## [Required work]
All lines from the one holding "Set of photorealistic" down to the last line of the entries are to be reproduced exactly, with no other lines.

## [The records]
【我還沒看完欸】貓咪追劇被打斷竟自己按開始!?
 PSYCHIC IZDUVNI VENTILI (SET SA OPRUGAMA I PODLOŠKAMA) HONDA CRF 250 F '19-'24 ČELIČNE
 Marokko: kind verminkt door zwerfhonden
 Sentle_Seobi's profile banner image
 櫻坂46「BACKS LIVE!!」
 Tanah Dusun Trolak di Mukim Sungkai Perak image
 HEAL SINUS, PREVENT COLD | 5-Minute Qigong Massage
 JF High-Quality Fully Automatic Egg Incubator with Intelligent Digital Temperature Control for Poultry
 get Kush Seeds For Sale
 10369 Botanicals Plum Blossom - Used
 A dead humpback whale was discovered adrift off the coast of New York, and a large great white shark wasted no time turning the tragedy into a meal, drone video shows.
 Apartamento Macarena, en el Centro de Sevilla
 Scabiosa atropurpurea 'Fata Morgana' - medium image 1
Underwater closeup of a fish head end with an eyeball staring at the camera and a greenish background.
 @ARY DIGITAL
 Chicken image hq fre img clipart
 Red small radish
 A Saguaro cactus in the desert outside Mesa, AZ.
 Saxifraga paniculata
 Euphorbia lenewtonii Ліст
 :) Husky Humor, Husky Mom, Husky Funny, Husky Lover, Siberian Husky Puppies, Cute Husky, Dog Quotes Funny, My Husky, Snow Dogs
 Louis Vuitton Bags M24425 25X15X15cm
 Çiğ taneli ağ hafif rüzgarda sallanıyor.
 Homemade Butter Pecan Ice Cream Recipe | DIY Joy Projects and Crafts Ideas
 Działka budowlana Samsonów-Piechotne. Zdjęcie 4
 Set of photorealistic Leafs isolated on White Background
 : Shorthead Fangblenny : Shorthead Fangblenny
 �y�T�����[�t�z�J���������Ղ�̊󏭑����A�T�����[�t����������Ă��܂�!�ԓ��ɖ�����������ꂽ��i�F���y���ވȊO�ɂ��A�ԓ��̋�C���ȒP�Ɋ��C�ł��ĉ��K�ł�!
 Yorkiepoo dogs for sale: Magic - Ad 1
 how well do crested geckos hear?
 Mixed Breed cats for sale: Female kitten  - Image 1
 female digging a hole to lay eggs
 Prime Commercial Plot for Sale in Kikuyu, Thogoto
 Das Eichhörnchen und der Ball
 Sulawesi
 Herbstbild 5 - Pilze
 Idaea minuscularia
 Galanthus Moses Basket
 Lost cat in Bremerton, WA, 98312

## [Result]
 Set of photorealistic Leafs isolated on White Background
 : Shorthead Fangblenny : Shorthead Fangblenny
 �y�T�����[�t�z�J���������Ղ�̊󏭑����A�T�����[�t����������Ă��܂�!�ԓ��ɖ�����������ꂽ��i�F���y���ވȊO�ɂ��A�ԓ��̋�C���ȒP�Ɋ��C�ł��ĉ��K�ł�!
 Yorkiepoo dogs for sale: Magic - Ad 1
 how well do crested geckos hear?
 Mixed Breed cats for sale: Female kitten  - Image 1
 female digging a hole to lay eggs
 Prime Commercial Plot for Sale in Kikuyu, Thogoto
 Das Eichhörnchen und der Ball
 Sulawesi
 Herbstbild 5 - Pilze
 Idaea minuscularia
 Galanthus Moses Basket
 Lost cat in Bremerton, WA, 98312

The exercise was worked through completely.